Tivity Software Bilks OSX Humping High School Teacher
High school teacher and Consumerist reader James J. assured by software salesman that OSX release imminent. Teacher plans year’s curriculum around that software. Software goes vaporware; high school gets stuck holding the bill for eight useless licenses. Hey, your tax dollars at work!
James is plenty upset that he just flushed an entire year’s curriculum in New Media down the toilet because he fell for some oily salesman’s pitch. Hey, who wouldn’t be? Although we would point out the foolishness of purchasing a non-existent product based on the promises of imminence from a guy working off commission, James puts it pretty eloquently when he writes “if you can’t use trust at all, life’s just one big purgatory of paranoia.” Naive, perhaps, but that’s the way the world should work, and we wouldn’t be consumerists if we didn’t cling to that ideal in one way or another.
James’ story after the jump:
I’m a total Consumerist fan – it’s a great place to vent spleen about insensitive, ignorant, incompetent, in-whatever companies and services, and even endow those rare few with a well-deserved halo. So now I have something to bitch about.
I’ll be the first (okay, maybe third) that I probably walked into this one, but on the other hand, if you can’t use trust at all, life’s just one big purgatory of paranoia. I teach art with technology (we call it New Media) at a small midwestern high school. One of the software programs we tried and dumped was Flash. Awesome features, and ridiculously steep learning curve. But I needed/wanted something I could use to teach kids interactive design. I needed something with a shallow learning curve, inexpensive, easy to use… and Mac-compatible. Yes, we’re an all-Mac school here and fiercely proud of it.
Enter Xtivity, published by Tivity Software (http://www.tivity.com). They seem to be a division or spin-off or conjoined fetus of AutoFX, the company that makes some really cool Photoshop plug-ins. After hearing about them last fall, I contacted them to get more information. I found out that the product as initially released, was Windows-only, but that an OS X version was imminent – within a couple of months, I was told. I was also informed that I could purchase Xtivity at that time and when the OS X version was released, I could use the same licenses on that version. Even the website indicates that, both in a product page and on the user forums. Sounded good to me – we have one lab that’s all Windows, so I figured I could house Xtivity temporarily in there until the OS X version was out, whereupon I would install it in my own classroom lab. So I bought 8 licenses.

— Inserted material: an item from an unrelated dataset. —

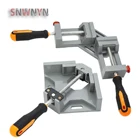 Угловой зажим из алюминиевого сплава, деревообрабатывающий правый угловой зажим 90 градусов, регулируемый ручной инструмент для папки с одной и двумя ручками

Over the fall and into the winter, I kept getting assurances from my contact at Tivity that the OS X version was not far off. Says the same thing on the website. I wanted to start using it in the winter months, but it never showed up, and the Windows lab was not as useful to me as I thought it might be – none of the tools or equipment I use for teaching were available in that lab.
So here we are at spring, where I have given up on using Xtivity in my classroom for this year. In the meantime, I was happily provided the funds for a new classroom lab and 14 new Intel iMacs. So I’m thinking I’m already sitting on 8 Xtivity licenses, and a last-minute opportunity to use some title funds comes up, so I get 6 more licenses to fill out the extra machines. Because I’m deaf, I have a colleague place a call for me to Tivity to find out about the OS X release. And we discover that, for all intents and purposes, the OS X version is pretty much vaporware. Not only that, but the rep who sold all of this to me is no longer working there. I peruse the website and forums and I discover that, apart from some pretty noncommittal replies to queries about an OS X version from hopeful users such as myself, there is nothing from Tivity in the way of answers.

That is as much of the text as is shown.